Normal life is the domain of God's Presence. Everything is 'Coram Deo,' a Latin phrase meaning 'in the presence of God.' All of life is lived before the face of the Lord. Share on X

Israel’s law reflects this–down to its every, often tedious, jot and tittle. The tedium of it is precisely the point–the text’s way of teaching us that each aspect of human life is part of holiness, part of communion with God. We may scoff, for example, at the detailed instructions given on where and how the people are to relieve themselves, but when you get right down to it, the rationale given is surprisingly homey and down-to-earth: “For the LORD your God moves about in your camp to protect you and to deliver your enemies to you. Your camp must be holy, so that he will not see among you anything indecent and turn away from you” (Deuteronomy 23:14).

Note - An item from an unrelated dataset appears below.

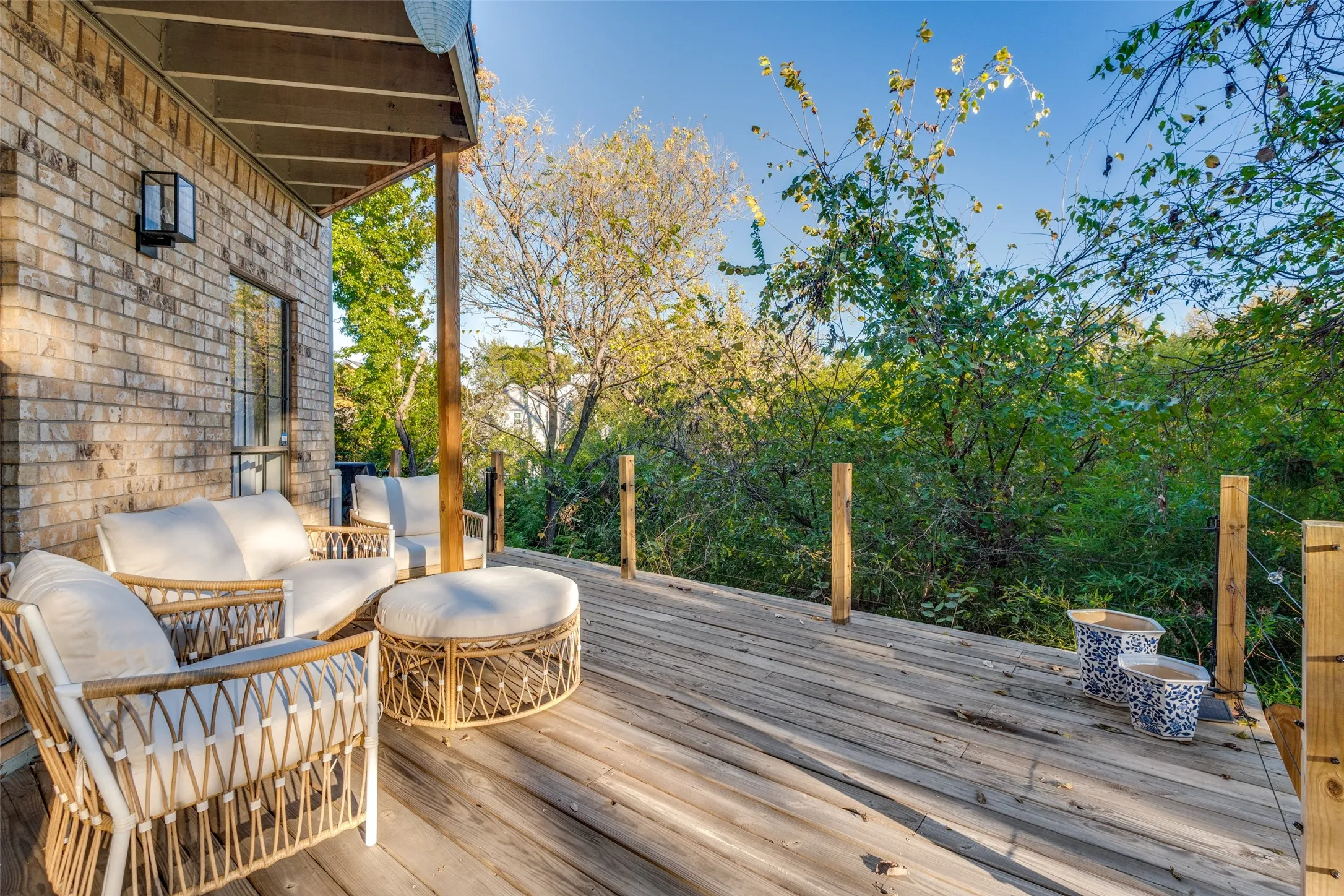 Single Family Residence For Sale in Dallas County , 9122 Cochran Heights Drive, Dallas, Texas 75220, 3 Bedroom, 3 Bathroom, 2 Garage spaces, 3,174 Sqft, built in 1984, Preowned, mls#21231653, Real Estate Agent in Dallas, Homes For Sale in Dallas county, Homes For Sale in Dallas, Realtor in Dallas Texas, Real Estate Brokerage Independent Realty Texas, Luminita Cordes Realtor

It’s basic manners, really. You’re hosting God. Cover up your you-know-what. Like you would do with anyone! 

It’s about God-awareness. In the ordinary.

The trend continues into the New Testament. It always amazes me how Paul, for example, after painting what God has done for us in Christ with broad and brilliant brushstrokes streaked across the canvas of history, routinely turns to the quotidian for the fleshing out of the life of salvation.

  • To the Household: Spouses loving each other; parents and children honoring each other; masters and slaves acting towards one another as unto Christ.
  • To Life in the Body: Each member serving all the others; loving the least of these and welcoming the outcast; sharing resources and engaging in the hard, gritty work of forgiveness and reconciliation.

Again, we may scoff. Surely there are greater, better things for us to be doing. Surely the work of the Spirit exceeds our petty domesiticities.

Well, if the New Testament is any indication, I think we must say, “Yes, it does.” It is most certainly “more” than the quotidian. It is miracles and healings, signs and wonders, revelations and prophecies, dramatic moments and wild movements and a coming apocalypse that will transform the heavens and the earth in their deepest fathoms and furthest reaches.

More, yes. Much more.

But not less. Not less than what novelist Claire Keegan has called “small things like these.”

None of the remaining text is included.